But in the Petit Palais, which Daphne had not visited in thirty years, Roland had what she liked to call ‘a moment’. He retired early from the paintings and waited in the main hall. After she had joined him and they were walking away he let rip. He said that if he ever had to look at one more Madonna and Child, Crucifixion, Assumption, Annunciation and all the rest he would ‘throw up’. Historically, he announced, Christianity had been the cold dead hand on the European imagination. What a gift, that its tyranny had expired. What looked like piety was enforced conformity within a totalitarian mind-state. To question or defy it in the sixteenth century would have been to take your life in your hands. like protesting against Socialist Realism in Stalin’s Soviet Union. It was not only science that Christianity had obstructed for fifty generations, it was nearly all of culture, nearly all of free expression and enquiry. It buried the open-minded, philosophies of classical antiquity for an age, it sent thousands of brilliant minds down, irrelevant, rabbit holes of pettifogging theology. It had spread its so-called Word by horrific violence and it maintained itself by torture, persecution and death. Gentle Jesus, ha! Within the totality of human experience of the world there was an infinity of subject matter and yet all over Europe the big museums were stuffed with the same lurid trash. Worse than pop music. It was the Eurovision song contest in oils and gilt frames.

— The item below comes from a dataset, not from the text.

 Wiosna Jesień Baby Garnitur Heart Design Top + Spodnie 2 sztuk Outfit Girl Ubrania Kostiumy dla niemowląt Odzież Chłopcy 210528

In Acts of Service, which I read some time ago, Lilian Fishman writes about some of the benefits of religion to individuals:
I envied extraordinarily religious people, who subscribed to a code that determined the things they should want, the things that were good, and the things that were bad. They had these measures of certainty. And they had rituals that made their lives feel governed by the logic of time: baptisms, holidays, weekly ceremonies, recitations, prayers. They were, I imagined, striving toward a set of impossible ideals and yet constantly forgiven for their failure to achieve. What better way could there be to live? To be in constant motion toward something perfect, a motion that would carry you to the end of your life?

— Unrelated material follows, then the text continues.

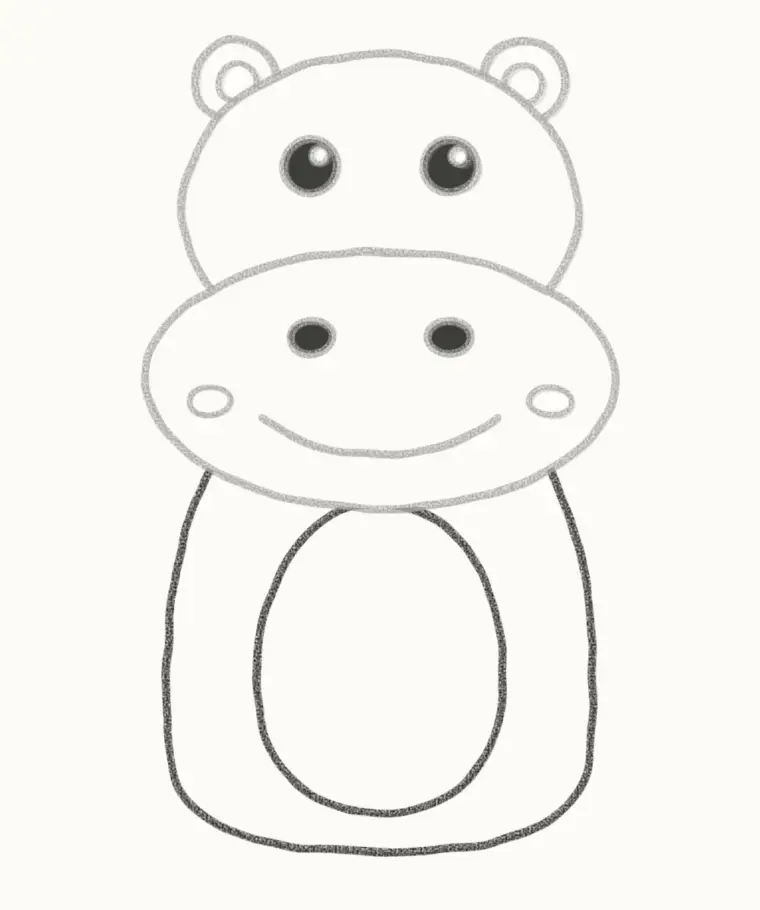 How to Draw a Cartoon Hippo, step 5: draw the body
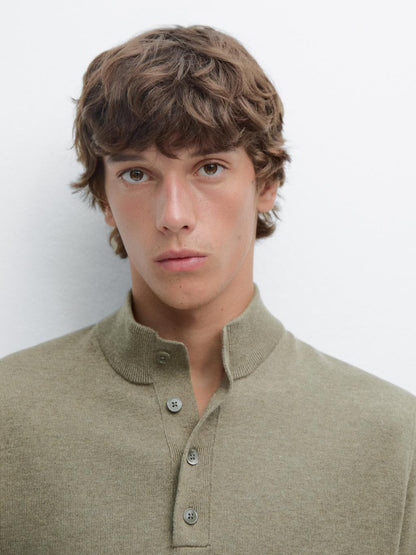 Knit sweater with mock button neck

At the individual level, Fishman recognises the psychological reassurance of conformity which religion can provide. It’s comforting to be part of a group with shared ideals and rituals. Yet McEwan notes that conforming in a way which punishes outliers is harmful, because everyone ends up having the same ideas which amount to nothing more than ‘lurid trash’.
It’s an interesting dichotomy. One of the things that Wendy and I sometimes discuss in day-to-day life is the value of people who don’t conform, and who often rile up others. A bit of friction is often helpful to keep things moving forward. It’s the wild ideas of outliers that sometimes provide the breakthroughs needed to move forward in life, as much as in society at large.

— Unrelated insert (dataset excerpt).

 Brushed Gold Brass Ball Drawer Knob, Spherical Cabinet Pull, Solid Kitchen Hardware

I’m currently reading Solider Sailor by Claire Kilroy. Early in the book, her narrator says this:
The Virgin Mary, of all people, came to mind. I ask blessed Mary, ever virgin. Having never given her a moment’s consideration in my life, it then struck me that she was real. Not real as in there beside me—don’t worry, I wasn’t having a visitation—but real as in there had once been a girl, a living girl, a child in fact, called Mary, Maryam, Mariam; a child who had given birth in a stable at the age of thirteen or fourteen or possibly twelve. Where was her mother, was my question. Where was the poor kid’s mother? How could you let your child go through that without being by her side?
This was a thought that festered. From a modern perspective, this idea seems unimaginably cruel, not to mention negligent. Unlike Joseph’s father, the Bible doesn’t name Mary’s parents, known traditionally as Ann and Joachim.1
By the time of the birth, Mary was, literally, the property of Joseph, hence the need to tote her along to Bethlehem for the census. A man claiming ownership of a child and separating her from her family while she gives birth in a stable to the first of at least seven children seems, again, abhorrent to modern eyes.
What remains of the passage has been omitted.